NetSuite and BDO Digital Deliver
As a leading cloud ERP platform, NetSuite delivers on its promises. This is an important point for organizations of all types, particularly for those that may have encountered challenges with past ERP implementations. “Our customers are consistently surprised by NetSuite’s capabilities and how the ERP delivers at a very high level,” says Neal. “Companies have come to expect to be sold a ‘bill of goods’ with ERP and quite frankly, with NetSuite they're finding that the solution does deliver on what's being sold.”
 
This is an important win in a marketplace where investors have become increasingly discerning over the past few years. “To get their attention, companies must be able to demonstrate value that extends well beyond the typical,” says Lee. “Instead of waiting to fix some of the challenges that you've faced in terms of financial reporting and continuing to manage your business using spreadsheets, get the technical debt taken care of so you can show the buyers where you are and the maturity that you have as an organization using NetSuite.” 
 
Lee’s advice also applies to the PE firms themselves, many of which continue to trudge along using their aging solutions, basic accounting systems and spreadsheets. These companies have to be able to select viable targets, add value for those companies over time and then profitably exit. PE firms also want to keep headcount down—something that’s nearly impossible when the company and its portcos rely heavily on manual systems.
 
“For most PE companies right now, it's either put in a system like NetSuite or increase headcount.

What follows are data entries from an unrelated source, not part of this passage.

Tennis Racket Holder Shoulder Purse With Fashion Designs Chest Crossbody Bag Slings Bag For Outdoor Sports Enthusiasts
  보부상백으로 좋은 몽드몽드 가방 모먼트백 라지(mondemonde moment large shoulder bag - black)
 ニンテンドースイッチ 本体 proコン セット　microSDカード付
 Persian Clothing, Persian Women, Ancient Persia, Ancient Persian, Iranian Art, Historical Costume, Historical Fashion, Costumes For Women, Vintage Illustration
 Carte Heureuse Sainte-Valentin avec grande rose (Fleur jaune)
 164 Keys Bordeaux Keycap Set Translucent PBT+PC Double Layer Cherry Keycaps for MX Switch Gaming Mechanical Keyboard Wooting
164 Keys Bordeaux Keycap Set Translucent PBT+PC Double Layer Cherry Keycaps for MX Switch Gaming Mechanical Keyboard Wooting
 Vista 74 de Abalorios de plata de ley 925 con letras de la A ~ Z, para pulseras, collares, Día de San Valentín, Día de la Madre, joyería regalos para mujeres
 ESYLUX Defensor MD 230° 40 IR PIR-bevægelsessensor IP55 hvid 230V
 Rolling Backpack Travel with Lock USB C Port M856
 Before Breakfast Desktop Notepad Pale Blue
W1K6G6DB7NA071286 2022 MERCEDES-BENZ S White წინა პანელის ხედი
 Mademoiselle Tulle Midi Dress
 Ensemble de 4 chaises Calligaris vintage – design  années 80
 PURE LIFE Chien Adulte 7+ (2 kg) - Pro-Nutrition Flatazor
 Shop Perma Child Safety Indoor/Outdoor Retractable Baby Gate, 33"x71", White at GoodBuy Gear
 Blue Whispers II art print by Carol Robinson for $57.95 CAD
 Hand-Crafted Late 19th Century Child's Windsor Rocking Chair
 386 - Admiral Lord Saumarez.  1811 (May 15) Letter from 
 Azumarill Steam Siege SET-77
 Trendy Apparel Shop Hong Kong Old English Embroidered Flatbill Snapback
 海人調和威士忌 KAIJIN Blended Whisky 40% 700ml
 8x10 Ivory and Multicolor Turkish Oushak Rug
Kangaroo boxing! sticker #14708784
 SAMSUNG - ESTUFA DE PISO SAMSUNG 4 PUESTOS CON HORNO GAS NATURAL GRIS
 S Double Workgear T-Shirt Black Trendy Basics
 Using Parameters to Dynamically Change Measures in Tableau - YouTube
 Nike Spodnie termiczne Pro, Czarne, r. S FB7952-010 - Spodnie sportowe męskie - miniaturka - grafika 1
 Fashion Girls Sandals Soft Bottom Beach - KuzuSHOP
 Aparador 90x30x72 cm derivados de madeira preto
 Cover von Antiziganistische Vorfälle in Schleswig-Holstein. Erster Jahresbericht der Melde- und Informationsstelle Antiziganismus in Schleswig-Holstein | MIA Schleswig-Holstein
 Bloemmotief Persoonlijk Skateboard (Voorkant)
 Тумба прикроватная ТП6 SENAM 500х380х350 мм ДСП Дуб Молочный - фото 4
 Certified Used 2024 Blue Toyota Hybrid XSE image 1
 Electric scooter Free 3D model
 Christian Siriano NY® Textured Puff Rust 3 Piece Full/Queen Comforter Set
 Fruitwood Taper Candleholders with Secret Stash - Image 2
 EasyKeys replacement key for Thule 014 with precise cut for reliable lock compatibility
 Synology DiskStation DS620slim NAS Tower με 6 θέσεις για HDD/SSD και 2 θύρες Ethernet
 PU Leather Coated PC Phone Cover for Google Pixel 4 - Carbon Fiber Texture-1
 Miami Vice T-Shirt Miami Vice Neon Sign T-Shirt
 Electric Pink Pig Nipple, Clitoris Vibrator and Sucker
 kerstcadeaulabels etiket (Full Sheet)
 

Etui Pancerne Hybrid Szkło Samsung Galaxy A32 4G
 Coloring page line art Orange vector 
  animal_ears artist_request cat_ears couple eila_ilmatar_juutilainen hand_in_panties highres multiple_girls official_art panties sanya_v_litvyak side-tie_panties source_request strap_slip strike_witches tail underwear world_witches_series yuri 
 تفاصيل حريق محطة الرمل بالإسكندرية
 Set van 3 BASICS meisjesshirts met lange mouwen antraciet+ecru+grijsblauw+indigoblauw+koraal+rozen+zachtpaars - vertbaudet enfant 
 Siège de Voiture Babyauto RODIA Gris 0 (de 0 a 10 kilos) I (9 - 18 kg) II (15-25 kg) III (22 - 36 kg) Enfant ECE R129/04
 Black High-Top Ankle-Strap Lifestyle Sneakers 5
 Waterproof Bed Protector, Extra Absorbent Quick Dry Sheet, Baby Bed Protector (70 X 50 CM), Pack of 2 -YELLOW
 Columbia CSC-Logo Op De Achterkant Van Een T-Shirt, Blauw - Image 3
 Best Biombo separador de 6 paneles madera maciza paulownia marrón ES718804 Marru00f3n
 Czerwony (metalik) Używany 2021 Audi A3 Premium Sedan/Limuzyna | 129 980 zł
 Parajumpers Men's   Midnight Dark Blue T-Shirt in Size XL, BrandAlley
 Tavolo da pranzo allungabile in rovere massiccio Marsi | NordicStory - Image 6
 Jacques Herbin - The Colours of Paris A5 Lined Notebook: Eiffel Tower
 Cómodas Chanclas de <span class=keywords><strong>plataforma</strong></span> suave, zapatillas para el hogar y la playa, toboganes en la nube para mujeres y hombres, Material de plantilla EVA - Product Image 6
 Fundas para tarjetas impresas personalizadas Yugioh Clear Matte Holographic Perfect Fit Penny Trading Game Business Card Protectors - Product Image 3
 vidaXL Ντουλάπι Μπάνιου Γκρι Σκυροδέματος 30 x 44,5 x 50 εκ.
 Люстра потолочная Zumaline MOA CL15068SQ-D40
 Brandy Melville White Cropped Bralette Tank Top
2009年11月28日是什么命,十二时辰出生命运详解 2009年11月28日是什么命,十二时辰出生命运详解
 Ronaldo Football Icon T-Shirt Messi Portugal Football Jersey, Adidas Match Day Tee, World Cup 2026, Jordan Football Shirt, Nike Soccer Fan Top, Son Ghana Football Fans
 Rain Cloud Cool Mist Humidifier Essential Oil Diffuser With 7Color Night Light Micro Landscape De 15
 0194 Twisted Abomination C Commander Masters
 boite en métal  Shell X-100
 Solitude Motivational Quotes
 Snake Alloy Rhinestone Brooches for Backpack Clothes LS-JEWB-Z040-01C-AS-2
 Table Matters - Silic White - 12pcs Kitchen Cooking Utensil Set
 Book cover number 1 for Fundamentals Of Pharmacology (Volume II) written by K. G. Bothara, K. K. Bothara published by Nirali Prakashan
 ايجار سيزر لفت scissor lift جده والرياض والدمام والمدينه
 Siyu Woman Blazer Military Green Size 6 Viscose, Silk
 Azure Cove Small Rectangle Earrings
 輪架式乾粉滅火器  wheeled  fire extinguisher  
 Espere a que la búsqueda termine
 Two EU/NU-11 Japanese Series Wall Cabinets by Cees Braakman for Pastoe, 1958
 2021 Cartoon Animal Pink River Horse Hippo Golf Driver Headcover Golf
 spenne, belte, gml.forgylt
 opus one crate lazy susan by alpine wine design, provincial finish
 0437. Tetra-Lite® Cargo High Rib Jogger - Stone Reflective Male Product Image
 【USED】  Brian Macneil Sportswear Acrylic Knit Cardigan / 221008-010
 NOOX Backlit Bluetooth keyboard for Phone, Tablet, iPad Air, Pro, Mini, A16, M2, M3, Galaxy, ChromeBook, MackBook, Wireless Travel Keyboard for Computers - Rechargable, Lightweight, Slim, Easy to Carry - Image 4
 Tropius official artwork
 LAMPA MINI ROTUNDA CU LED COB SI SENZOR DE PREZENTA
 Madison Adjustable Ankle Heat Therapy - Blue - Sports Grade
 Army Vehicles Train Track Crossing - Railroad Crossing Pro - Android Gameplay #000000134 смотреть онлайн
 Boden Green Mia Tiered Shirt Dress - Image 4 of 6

The bottom line is that adding 10-20 more spreadsheets to the pile is not a scalable option for any company that’s trying to operate in a lean, mean manner,” says Neal, who sees the current economic uncertainty as yet another reason for PE companies to make the move to NetSuite now rather than later. “We’re in an era where no one wants to get stuck with a large, unmanageable headcount.”
 
By implementing NetSuite and working with an experienced, knowledgeable partner like BDO Digital, PE firms and their portcos can both avoid these challenges, simplify their operations, improve their financial reporting and get excellent visibility over their operations. This, in turn, leads to better decision-making and the ability to turn on a dime when the market calls for it.